Neue Heimat Lüneburger Heide

Im Jahr 2000 zog ich also frischen Mutes vom Schwarzwald in die Lüneburger Heide. Ich liebte und liebe diese Ecke Deutschlands sehr und darum war auch die Vorfreude auf meine neue Heimat unbändig groß. Das Erste, was ich hier mit großen und staunenden Augen registrierte, waren Panzer. Nie im Leben hatte ich bislang so hautnah irgendwelche Militärfahrzeuge und dazugehörende Mannschaften gesehen, wie in den ersten Tagen nach meinem Umzug. Ich erinnere mich, dass ich auf dem Heimweg von der Arbeit nach Hause eine Brücke zu unterfahren hatte. Eines Tages bewegte sich auf dieser Brücke eine Militärkolonne über die Straße und mir blieb vor Staunen der Mund offen stehen. Ich fuhr rechts ran und stand mit weit aufgerissenen Augen die Kolonne beobachtend vor der Brücke und kriegte mich fast nicht mehr ein. Noch heute erinnere ich mich an das Brummen der Panzer, das ich bis in meine Eingeweide hatte spüren können.

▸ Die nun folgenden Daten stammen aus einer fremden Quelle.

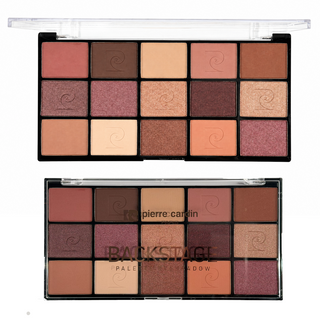 Pierre Cardin Backstage Eyeshadow Palette Iconic Roses
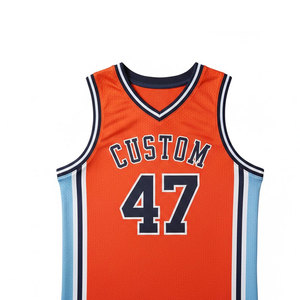 Camiseta de Baloncesto Unisex Transpirable de Malla, Personalizada con Nombre y Número del Equipo, Pantalones Cortos Deportivos de Alto Rendimiento 100% Algodón para Liga - Product Image 4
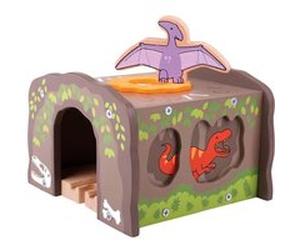 Bigjigs Rails Houten Treintunnel - T-Rex G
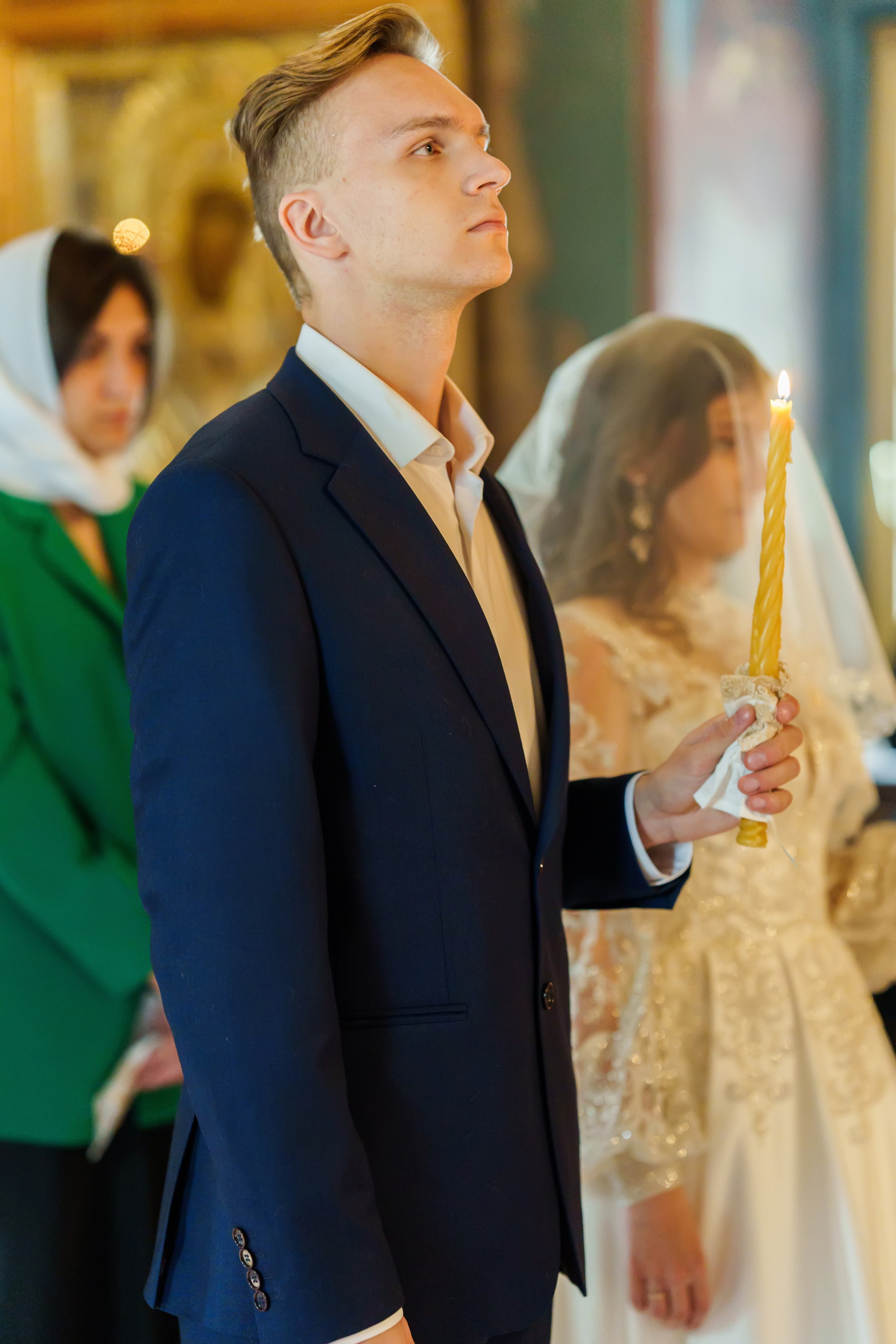 Венчание. Фотограф Юлия Попова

Mein ehemaliger Lebensgefährte und ich wohnten damals fast direkt an einem Truppenübungsplatz, den man auch überqueren und so die Fahrt in den nächsten Ort abkürzen konnte, sofern dort eben nicht geübt wurde. Ich lernte sehr bald, dass ich auf die Ballons zu achten hatte, die sich direkt an der Einfahrt zu eben dieser Abkürzung über den Platz befanden. Allerdings lernte ich es mehr unfreiwillig.

Ich hatte noch das Freiburger Kennzeichen auf meinem Auto, als ich zum Einkaufen in die nächste Ortschaft wollte. Um Zeit zu sparen, wollte ich dazu den Übungsplatz durchqueren. An sich ist und war das kein Problem, wenn eben dieser Platz geöffnet ist. Leider war er es an diesem Tag offenbar nicht. Ich erfuhr später, dass die Warnballons zwar gehisst waren, die Schranken aber noch nicht die Einfahrt auf den Platz verwehrten. Also fuhr ich drauf los.

Nach einigen hundert Metern sah ich im Rückspiegel einen Jeep. Ich drückte etwas mehr aufs Gas, der Jeep folgte. Nach wenigen Metern hatte er mich eingeholt und setzte sich vor mich. Ich musste stehen bleiben. Aus dem Jeep stieg ein Soldat, holte tief Luft um mich zu maßregeln, sah kurz auf mein Autokennzeichen und lächelte plötzlich milde:

“Ach so, alles klar. Fahren Sie uns hinterher!”

Äh, – ja. Gesagt, getan.

Auf der anderen Seite des Platzes angekommen erhielt ich erst einmal eine Exklusivschulung in Sachen gehisster Ballons und Platzsperrung. Nach dieser ist es mir nur noch einmal passiert, dass ich trotz Warnballons über den Platz fuhr, gejagt von einem Jeep.

Inzwischen habe ich mich an das Leben mit dem Militär gewöhnt und bleibe nicht mehr staunend stehen, wenn ich einem Menschen in Uniform begegne. Alles wird irgendwann zur Gewohnheit. Auch das. Und nicht nur das.